Author + information
- Received December 19, 2012
- Revision received January 28, 2013
- Accepted February 3, 2013
- Published online May 1, 2013.
- Xavier Freixa, MD and
- Richard Gallo, MD⁎ ()
- ↵⁎Reprint requests and correspondence:
Dr. Richard Gallo, Montreal Heart Institute, 5000 Belanger Street. Montreal, Quebec H1T 1C8, Canada
A 61-year-old man with previous single bypass surgery of the left internal thoracic artery to the left anterior descending artery in 1996 presented to the emergency department with chest pain and anterior negative T waves. From time of surgery the patient remained asymptomatic until the day of admission when he experienced a sudden onset of chest pain immediately on raising and hyperextending both arms. On angiography, the native left anterior descending artery remained chronically occluded and the left internal thoracic artery showed an inferiorly displaced and flared ostium with preserved flow but a long, hazy, and severe proximal lesion. Optical coherence tomography and intravascular ultrasound showed a dissection flap and mural hematoma, respectively. In order to rule out the presence of subclavian dissection, a thoracic scan was done, revealing no extension of the dissection and a 10-mm area of adhesion between the internal thoracic artery and the anterior chest wall. Subsequently, the patient underwent successful angioplasty with 3 stents.
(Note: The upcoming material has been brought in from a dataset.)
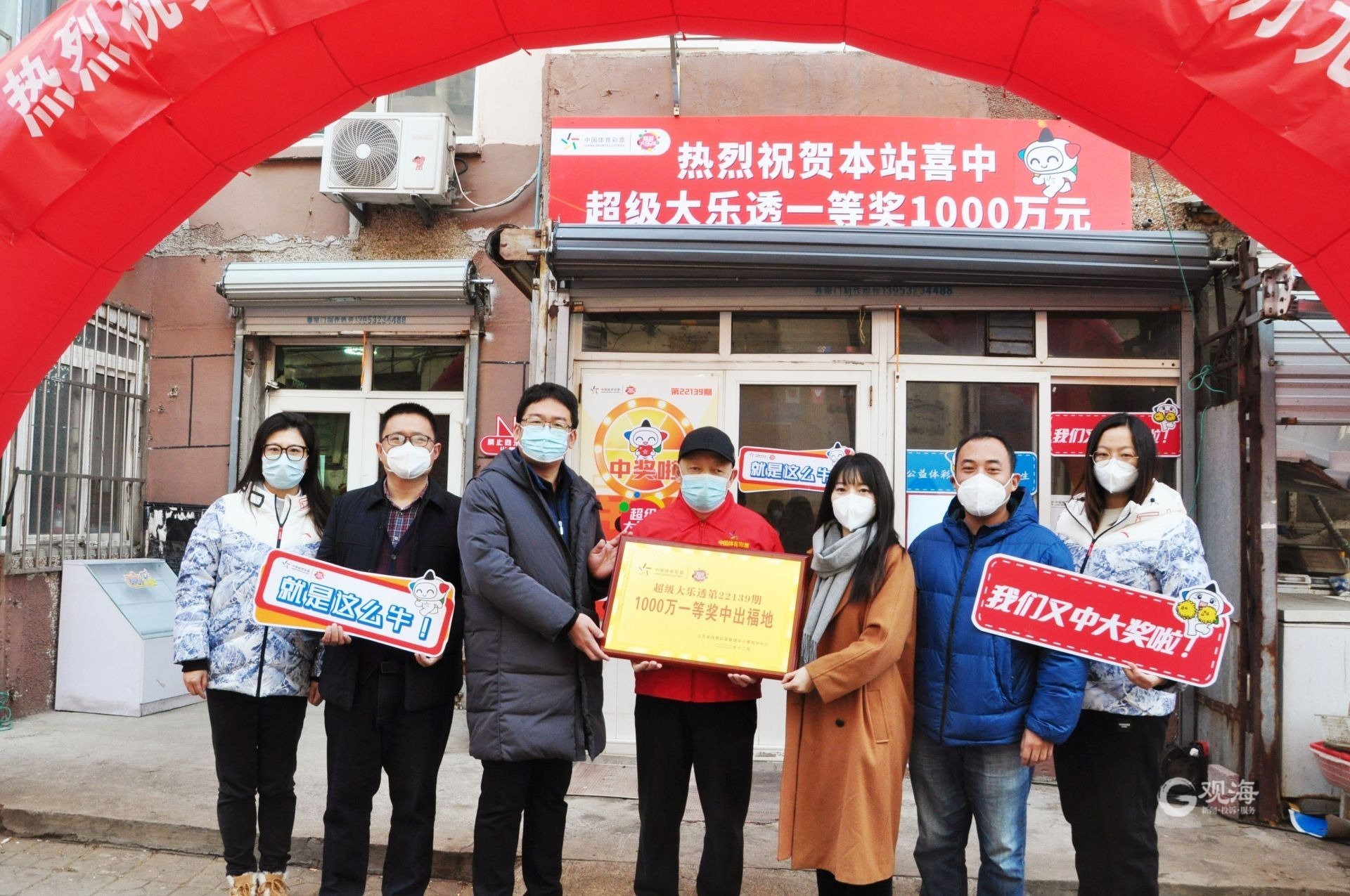 千万大奖兑奖单照片,千万大奖投注方法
Spontaneous dissections of the internal thoracic artery have been described, although it remains unclear which factors can trigger this serious event (Fig. 1). The multiple imaging modalities used in the present case provide a new insight into the mechanism of spontaneous internal thoracic artery dissections. The upward-pull on the internal thoracic artery from hyperextending the arms compounded by the downward-traction of the internal thoracic artery adhering to the chest wall, resulted in opposite overstretching forces that caused the internal thoracic artery to dissect. This theory is supported by the downward displacement of the internal thoracic artery ostium. Suresh et al. (1) reported a similar case of internal thoracic artery dissection after a physical movement, but no mechanistic explanation was offered.
Both authors have reported that they have no relationships relevant to the contents of this paper to disclose.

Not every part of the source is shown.